> _PROMPT_: From the entries below, return only the lines starting at the one that contains "Foto langkah ke" and ending at the one that contains "DB6B95F083F22614D76C7AA96B384A17", exactly as they stand.

(Caption-style text data)

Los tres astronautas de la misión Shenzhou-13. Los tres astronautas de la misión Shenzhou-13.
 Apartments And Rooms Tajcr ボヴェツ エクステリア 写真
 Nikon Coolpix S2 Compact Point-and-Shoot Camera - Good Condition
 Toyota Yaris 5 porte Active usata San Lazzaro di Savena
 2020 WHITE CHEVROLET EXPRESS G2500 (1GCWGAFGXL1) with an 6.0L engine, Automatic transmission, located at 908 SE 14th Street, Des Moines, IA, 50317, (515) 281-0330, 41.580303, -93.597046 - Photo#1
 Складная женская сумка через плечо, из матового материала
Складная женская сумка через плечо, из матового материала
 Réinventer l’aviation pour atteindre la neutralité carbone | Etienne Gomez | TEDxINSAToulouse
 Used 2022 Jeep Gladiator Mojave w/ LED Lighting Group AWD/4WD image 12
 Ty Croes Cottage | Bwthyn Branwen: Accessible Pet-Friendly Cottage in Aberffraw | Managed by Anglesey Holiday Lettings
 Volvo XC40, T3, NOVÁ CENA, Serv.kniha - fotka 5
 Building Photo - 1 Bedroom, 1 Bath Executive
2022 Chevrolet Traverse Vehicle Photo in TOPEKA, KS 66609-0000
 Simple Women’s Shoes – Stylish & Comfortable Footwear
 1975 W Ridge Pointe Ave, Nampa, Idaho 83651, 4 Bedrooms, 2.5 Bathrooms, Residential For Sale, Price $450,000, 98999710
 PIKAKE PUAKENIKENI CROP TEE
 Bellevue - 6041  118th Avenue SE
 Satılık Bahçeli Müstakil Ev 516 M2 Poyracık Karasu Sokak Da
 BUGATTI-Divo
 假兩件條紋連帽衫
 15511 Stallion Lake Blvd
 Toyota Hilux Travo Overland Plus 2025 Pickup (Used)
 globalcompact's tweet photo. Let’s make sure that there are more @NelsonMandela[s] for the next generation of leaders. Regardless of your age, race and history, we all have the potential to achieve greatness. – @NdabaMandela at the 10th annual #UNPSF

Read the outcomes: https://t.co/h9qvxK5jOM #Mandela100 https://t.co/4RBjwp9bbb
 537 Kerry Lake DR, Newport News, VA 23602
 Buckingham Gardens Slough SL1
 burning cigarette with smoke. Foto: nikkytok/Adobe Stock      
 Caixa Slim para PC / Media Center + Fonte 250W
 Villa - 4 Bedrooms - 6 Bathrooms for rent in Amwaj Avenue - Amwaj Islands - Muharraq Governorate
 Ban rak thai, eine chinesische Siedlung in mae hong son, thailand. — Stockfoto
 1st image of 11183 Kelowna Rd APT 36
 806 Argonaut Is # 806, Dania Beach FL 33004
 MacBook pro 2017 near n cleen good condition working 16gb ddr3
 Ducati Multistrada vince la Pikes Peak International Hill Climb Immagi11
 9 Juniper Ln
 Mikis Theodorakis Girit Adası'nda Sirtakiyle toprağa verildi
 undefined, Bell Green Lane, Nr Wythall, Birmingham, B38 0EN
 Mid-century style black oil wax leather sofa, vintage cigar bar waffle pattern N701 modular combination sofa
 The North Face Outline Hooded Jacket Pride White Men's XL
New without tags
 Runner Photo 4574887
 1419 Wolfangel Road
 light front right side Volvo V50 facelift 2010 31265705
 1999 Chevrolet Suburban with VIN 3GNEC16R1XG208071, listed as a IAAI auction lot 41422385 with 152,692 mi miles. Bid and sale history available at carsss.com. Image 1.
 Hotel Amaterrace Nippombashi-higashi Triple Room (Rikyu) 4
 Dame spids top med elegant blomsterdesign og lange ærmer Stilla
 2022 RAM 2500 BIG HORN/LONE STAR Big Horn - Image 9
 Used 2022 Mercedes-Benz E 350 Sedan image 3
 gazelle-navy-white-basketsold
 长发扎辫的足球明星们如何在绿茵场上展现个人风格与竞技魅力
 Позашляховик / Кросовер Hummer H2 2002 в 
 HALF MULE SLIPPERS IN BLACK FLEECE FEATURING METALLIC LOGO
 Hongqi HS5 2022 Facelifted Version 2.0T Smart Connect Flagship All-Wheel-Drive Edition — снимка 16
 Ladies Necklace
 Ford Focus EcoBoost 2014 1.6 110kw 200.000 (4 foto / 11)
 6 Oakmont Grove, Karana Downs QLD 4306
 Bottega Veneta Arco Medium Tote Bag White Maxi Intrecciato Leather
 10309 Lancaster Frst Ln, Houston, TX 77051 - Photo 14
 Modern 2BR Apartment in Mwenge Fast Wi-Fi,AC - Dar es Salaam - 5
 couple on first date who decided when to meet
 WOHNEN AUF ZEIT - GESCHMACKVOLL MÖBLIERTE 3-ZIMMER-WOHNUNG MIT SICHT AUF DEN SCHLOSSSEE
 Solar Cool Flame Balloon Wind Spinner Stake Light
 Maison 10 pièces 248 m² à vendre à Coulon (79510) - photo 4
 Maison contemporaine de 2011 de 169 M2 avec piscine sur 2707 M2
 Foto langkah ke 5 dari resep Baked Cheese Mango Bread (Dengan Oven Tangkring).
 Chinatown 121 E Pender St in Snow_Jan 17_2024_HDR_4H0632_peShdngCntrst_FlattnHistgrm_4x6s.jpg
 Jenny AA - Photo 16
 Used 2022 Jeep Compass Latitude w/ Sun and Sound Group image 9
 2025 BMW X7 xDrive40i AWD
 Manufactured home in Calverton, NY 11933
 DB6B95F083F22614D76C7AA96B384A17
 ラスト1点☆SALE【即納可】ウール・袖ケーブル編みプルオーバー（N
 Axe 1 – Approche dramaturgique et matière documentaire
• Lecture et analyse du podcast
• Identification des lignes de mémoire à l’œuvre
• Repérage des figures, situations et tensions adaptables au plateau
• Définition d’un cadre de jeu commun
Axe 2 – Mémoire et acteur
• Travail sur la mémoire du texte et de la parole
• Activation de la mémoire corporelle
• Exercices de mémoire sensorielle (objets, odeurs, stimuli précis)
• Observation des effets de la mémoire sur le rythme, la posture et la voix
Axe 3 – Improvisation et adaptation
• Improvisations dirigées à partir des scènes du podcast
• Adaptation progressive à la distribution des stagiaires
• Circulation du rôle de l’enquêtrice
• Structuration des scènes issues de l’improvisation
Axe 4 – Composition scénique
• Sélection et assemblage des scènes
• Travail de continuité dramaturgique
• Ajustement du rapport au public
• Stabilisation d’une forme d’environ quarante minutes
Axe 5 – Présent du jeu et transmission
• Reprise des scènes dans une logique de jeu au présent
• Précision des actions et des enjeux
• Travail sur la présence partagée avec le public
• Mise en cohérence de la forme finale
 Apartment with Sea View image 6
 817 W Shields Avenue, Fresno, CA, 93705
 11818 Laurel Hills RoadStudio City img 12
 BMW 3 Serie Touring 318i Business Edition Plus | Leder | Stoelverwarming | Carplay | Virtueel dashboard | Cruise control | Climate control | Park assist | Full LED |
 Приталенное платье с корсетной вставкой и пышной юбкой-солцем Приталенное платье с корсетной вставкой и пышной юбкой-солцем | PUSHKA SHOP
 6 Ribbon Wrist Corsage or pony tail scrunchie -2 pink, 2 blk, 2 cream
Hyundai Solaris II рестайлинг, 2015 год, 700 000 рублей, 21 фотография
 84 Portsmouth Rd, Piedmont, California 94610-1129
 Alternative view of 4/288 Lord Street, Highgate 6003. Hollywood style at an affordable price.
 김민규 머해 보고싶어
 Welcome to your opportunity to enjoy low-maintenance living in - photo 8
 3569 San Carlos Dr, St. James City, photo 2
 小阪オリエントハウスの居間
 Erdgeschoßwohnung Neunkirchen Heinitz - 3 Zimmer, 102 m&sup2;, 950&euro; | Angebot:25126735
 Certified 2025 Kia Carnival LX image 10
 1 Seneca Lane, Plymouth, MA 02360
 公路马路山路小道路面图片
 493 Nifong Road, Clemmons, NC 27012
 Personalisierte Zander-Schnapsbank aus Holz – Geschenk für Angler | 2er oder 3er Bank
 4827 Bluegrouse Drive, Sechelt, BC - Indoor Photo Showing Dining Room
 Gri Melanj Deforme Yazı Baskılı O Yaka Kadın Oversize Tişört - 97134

> _SOLUTION FOR THIS PROBLEM_:
 Foto langkah ke 5 dari resep Baked Cheese Mango Bread (Dengan Oven Tangkring).
 Chinatown 121 E Pender St in Snow_Jan 17_2024_HDR_4H0632_peShdngCntrst_FlattnHistgrm_4x6s.jpg
 Jenny AA - Photo 16
 Used 2022 Jeep Compass Latitude w/ Sun and Sound Group image 9
 2025 BMW X7 xDrive40i AWD
 Manufactured home in Calverton, NY 11933
 DB6B95F083F22614D76C7AA96B384A17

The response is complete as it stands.